At a time when other students at the University of Michigan were advancing anti-Israel boycotts and disinvestment, Daniel Smith thought to help Israel by doing exactly the opposite: investing in the Jewish State and helping other students — Jewish and non-Jewish — do the same.
He joined Tamid, a group that aimed at developing the business sophistication of undergraduates through interaction with the Israeli economy and start-ups. Smith, who earned a degree from Michigan’s School of Business, became Tamid’s Michigan Chapter president, and then Tamid’s national chair. When Smith first got involved, Tamid (originally the Tamid Israel Investment Group) was on nine campuses, then 23 campuses, and now it is on 33. Tamid attracts many non-Jewish students, said Smith, and most often “their only connection to Israel was through Tamid.”
Smith, who grew up in Livingston, N.J., divides his time between his hometown and Tel Aviv, lured by his fascination with Israel’s economy, and possible aliyah. He is director of North American operations for the Homrun (pronounced as in baseball) Group, fostering connections between American business executives and Israeli entrepreneurs.
Smith was recently elected to the board of the World Union of Jewish Students, charged with strengthening WUJS’ American division, the American Union of Jewish Students, also known as Network.
Though WUJS has existed for decades, “it has had a very limited history in the United States,” said Smith. At a recent WUJS convention, “I was bugged that I was one of just three Americans there. There were around 25 Australians; 30 from the U.K.,” and plenty more from South Africa, Ukraine, Chile, Italy, “but hardly anyone from the U.S.” He intends to turn that around.

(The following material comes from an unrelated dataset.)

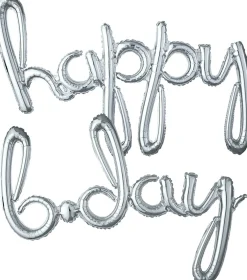 Air-Filled Happy B-Day Cursive Letter Balloon Banners, 2pc, Assorted Colors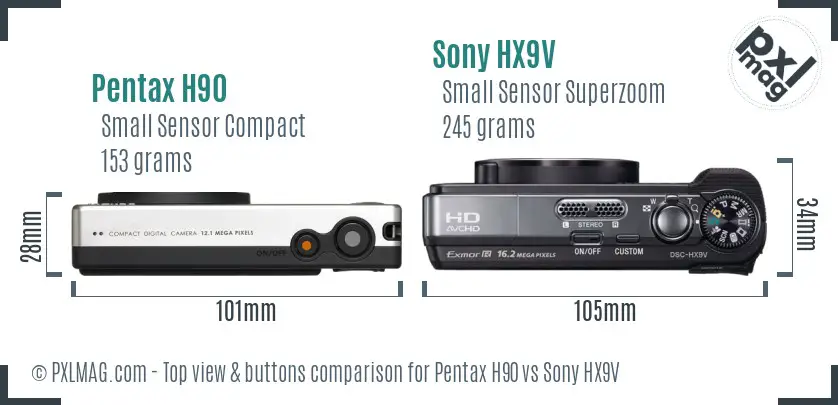 Pentax H90 vs Sony HX9V top view buttons comparison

Network’s aim, said Smith, is “to be a voice for Jewish students, bringing Jewish student leaders into the global conversation with other Jewish students and Jewish organizations. Smith said he would also like to see Network be a “bridge builder” to other racial, social and ethnic groups on campus.
Pack your bags. Smith loves to travel. “I’m in Israel for much of the year,” he said. “I love speaking to people who are considering moving to Israel, and helping them out with jobs and an understanding of what it’s like to live there.”